Brief descriptive captions:
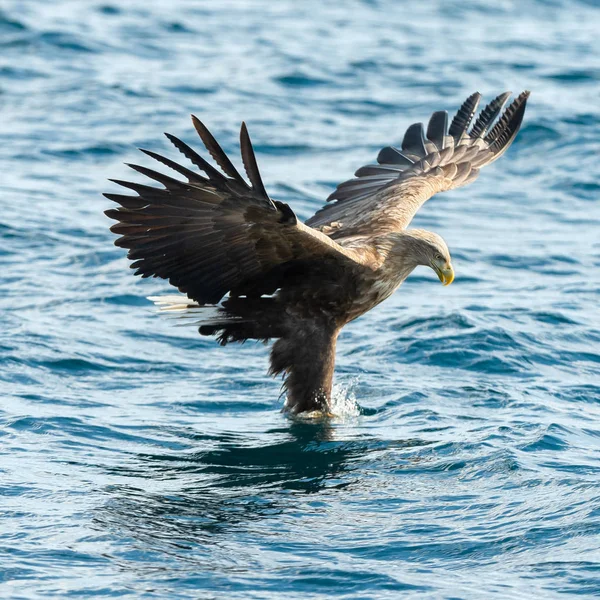 Águilas Cola Blanca Adultas Pescando Sobre Océano Azul Nombre Científico —  Fotos de Stock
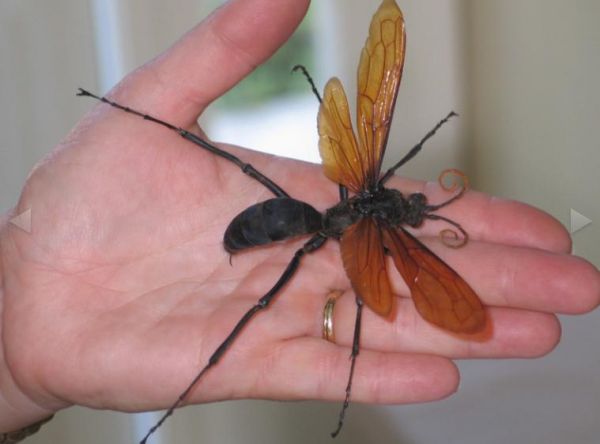 Die besten 100 Bilder in der Kategorie insekten: Tarantula Hawk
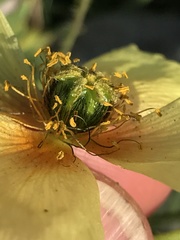 Papaver mcconnellii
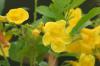 <img100*0:stuff/z/73640/Yellow%2520Flower%2520Reference/i1264989709_8.jpg>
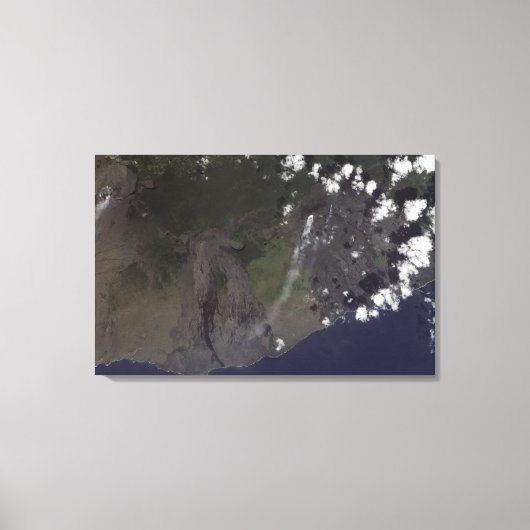 南南西吹に向かって複数の羽毛 キャンバスプリント (正面)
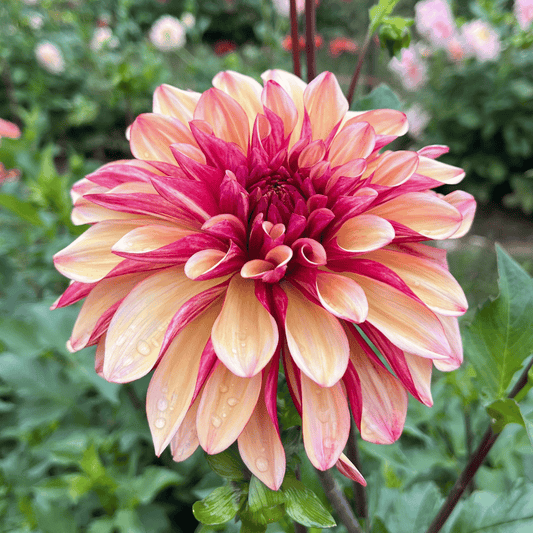 Gitts Crazy Dahlia Tuber – spring-planted flower bulb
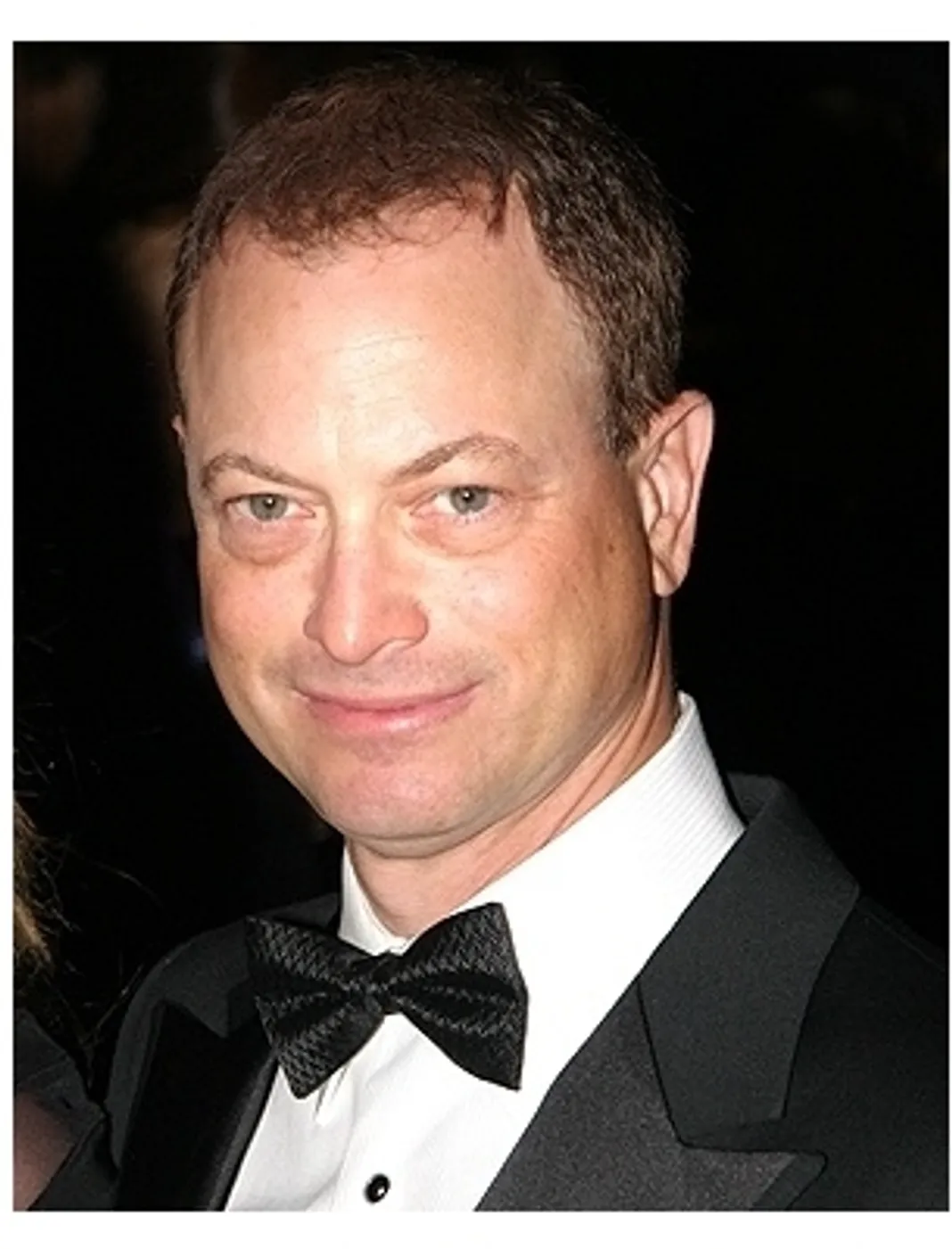 hollywood celebrities republican republican celebrities hollywood celebrities republican republican celebrities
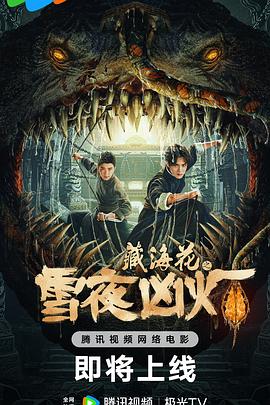 《日子大爆炸第九季》电视剧高清全集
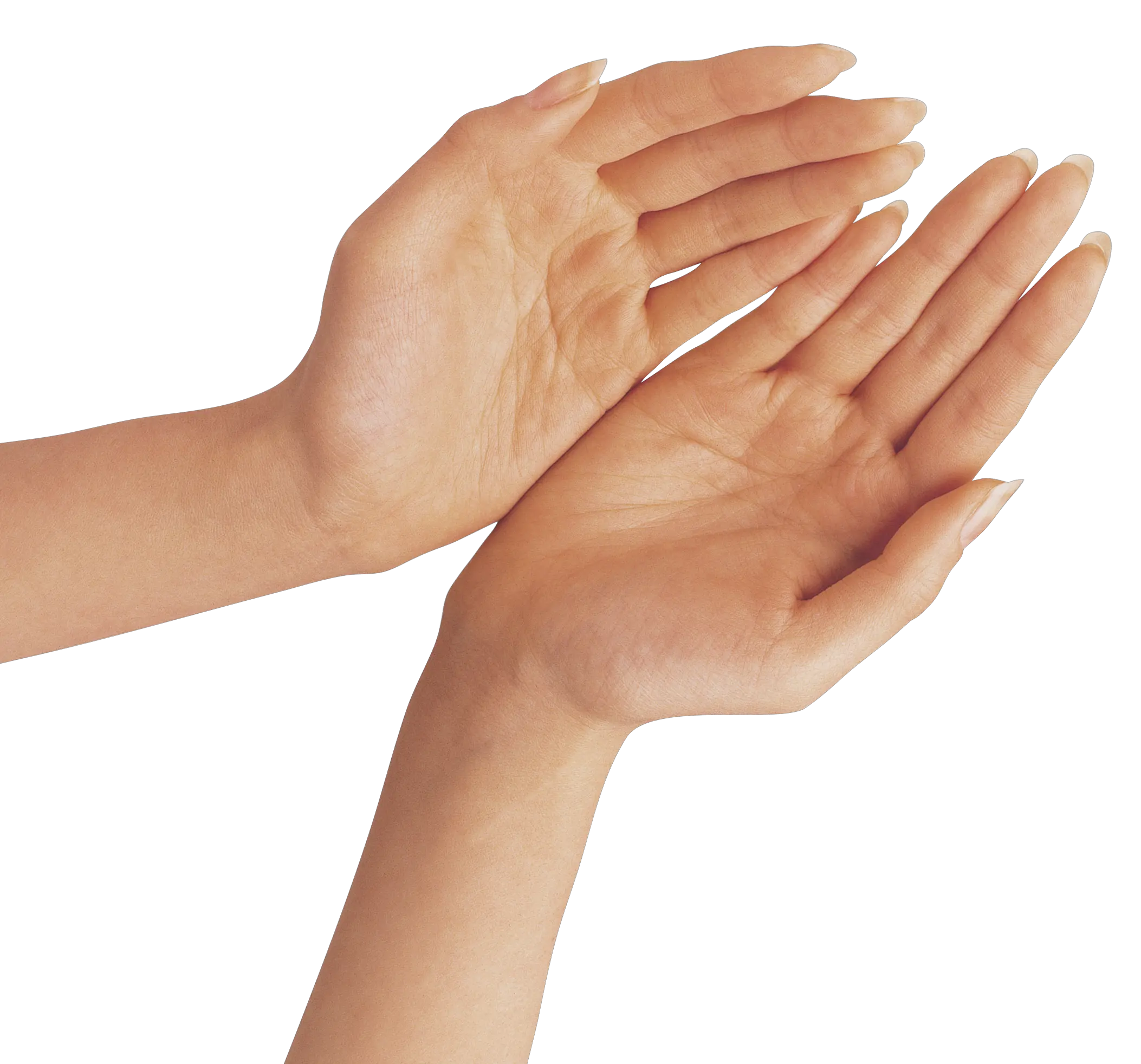 Hand Png Transparent Background Transparent Transparent Background Hand Png Praying Hands Png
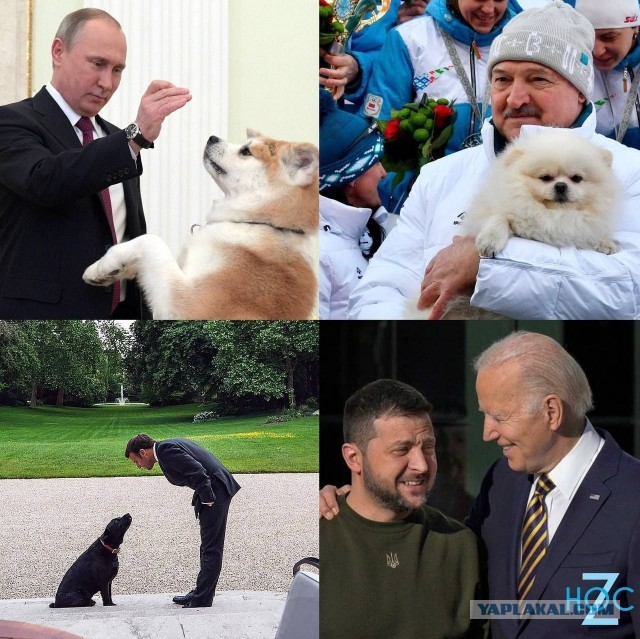 Минутка юмора на Япе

Work request: Every record gets retyped exactly; no picture goes into the copy.

Exercise result:
 Águilas Cola Blanca Adultas Pescando Sobre Océano Azul Nombre Científico —  Fotos de Stock
 Die besten 100 Bilder in der Kategorie insekten: Tarantula Hawk
 Papaver mcconnellii
 <img100*0:stuff/z/73640/Yellow%2520Flower%2520Reference/i1264989709_8.jpg>
 南南西吹に向かって複数の羽毛 キャンバスプリント (正面)
 Gitts Crazy Dahlia Tuber – spring-planted flower bulb
 hollywood celebrities republican republican celebrities hollywood celebrities republican republican celebrities
 《日子大爆炸第九季》电视剧高清全集
 Hand Png Transparent Background Transparent Transparent Background Hand Png Praying Hands Png
 Минутка юмора на Япе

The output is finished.